Hearing loss can absolutely be neurological. I have had hearing loss since infancy. It can be conductive or neurological in nature. I had thought mine was a combination, but in recent years was told it was mostly neurological.

My mother is 85. She had minor hearing loss and got hearing aids several years ago. This past spring, I noticed she wasn’t hearing and took her to the audiologist. They retested her hearing, and she had incurred a dramatic drop in her hearing levels from the year before. It went from having like 90% hearing to 60%.

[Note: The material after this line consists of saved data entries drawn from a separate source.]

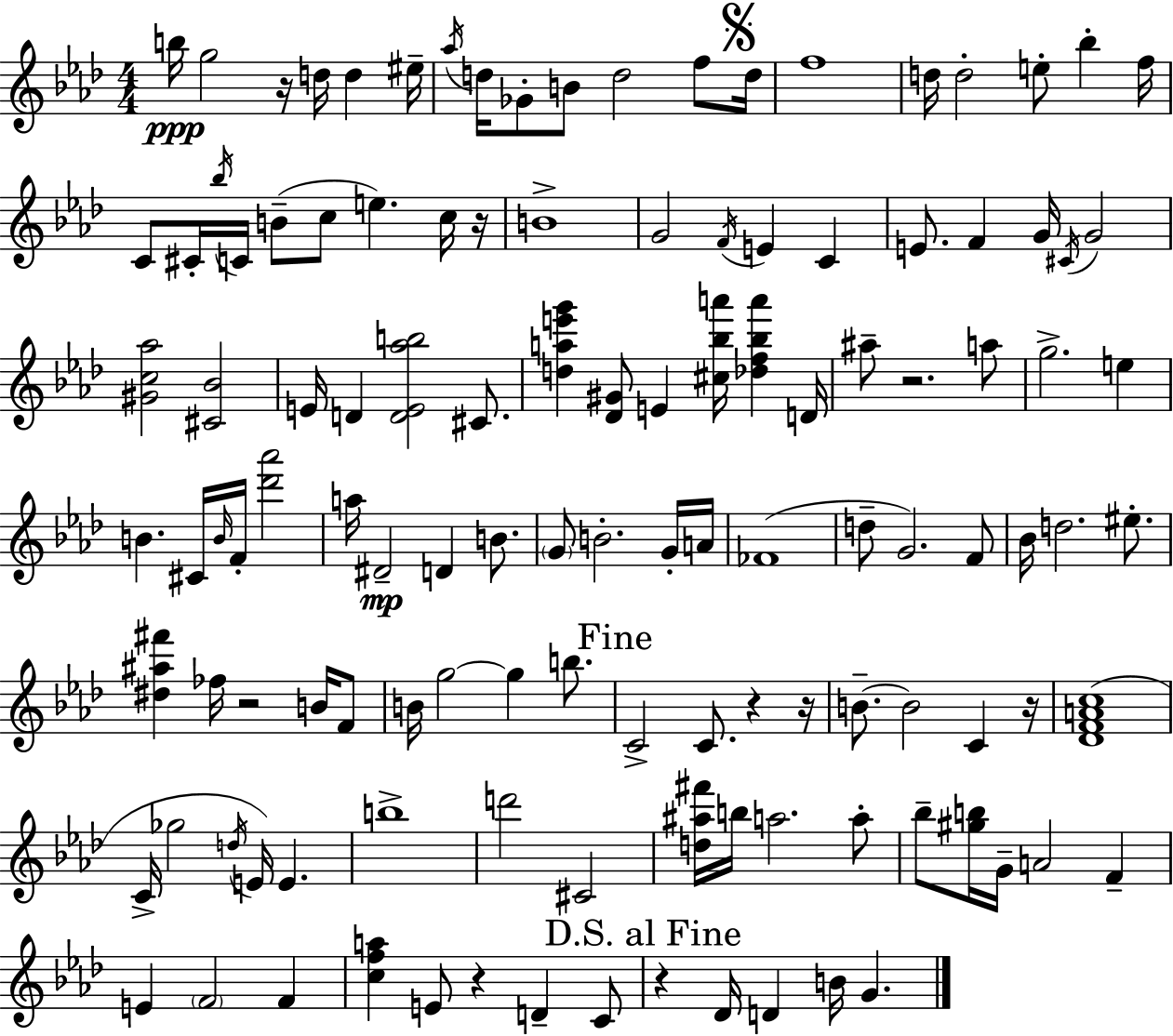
{
  \clef treble
  \numericTimeSignature
  \time 4/4
  \key aes \major
  b''16\ppp g''2 r16 d''16 d''4 eis''16-- | \acciaccatura { aes''16 } d''16 ges'8-. b'8 d''2 f''8 | \mark \markup { \musicglyph "scripts.segno" } d''16 f''1 | d''16 d''2-. e''8-. bes''4-. | \break f''16 c'8 cis'16-. \acciaccatura { bes''16 } c'16 b'8--( c''8 e''4.) | c''16 r16 b'1-> | g'2 \acciaccatura { f'16 } e'4 c'4 | e'8. f'4 g'16 \acciaccatura { cis'16 } g'2 | \break <gis' c'' aes''>2 <cis' bes'>2 | e'16 d'4 <d' e' aes'' b''>2 | cis'8. <d'' a'' e''' g'''>4 <des' gis'>8 e'4 <cis'' bes'' a'''>16 <des'' f'' bes'' a'''>4 | d'16 ais''8-- r2. | \break a''8 g''2.-> | e''4 b'4. cis'16 \grace { b'16 } f'16-. <des''' aes'''>2 | a''16 dis'2--\mp d'4 | b'8. \parenthesize g'8 b'2.-. | \break g'16-. a'16 fes'1( | d''8-- g'2.) | f'8 bes'16 d''2. | eis''8.-. <dis'' ais'' fis'''>4 fes''16 r2 | \break b'16 f'8 b'16 g''2~~ g''4 | b''8. \mark "Fine" c'2-> c'8. | r4 r16 b'8.--~~ b'2 | c'4 r16 <des' f' a' c''>1( | \break c'16-> ges''2 \acciaccatura { d''16 } e'16) | e'4. b''1-> | d'''2 cis'2 | <d'' ais'' fis'''>16 b''16 a''2. | \break a''8-. bes''8-- <gis'' b''>16 g'16-- a'2 | f'4-- e'4 \parenthesize f'2 | f'4 <c'' f'' a''>4 e'8 r4 | d'4-- c'8 \mark "D.S. al Fine" r4 des'16 d'4 b'16 | \break g'4. \bar "|."
}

I was shocked, because I thought it was a problem with the hearing aids or wax in the ears. I had also noticed a cognitive decline in her for about 4-5 months prior to this. The audiologist said the concurrent hearing and cognitive declines were related and the hearing loss was neurological.

Have you had your hearing tested and evaluated by a licensed audiologist? If not, I highly recommend it. Hopefully you have already had a baseline test before that a current test could be compared to.

The other thing I would suggest is getting an MRI. If you have had a past MRI of the brain, you will have something to compare it to and see what changes have occurred in the brain.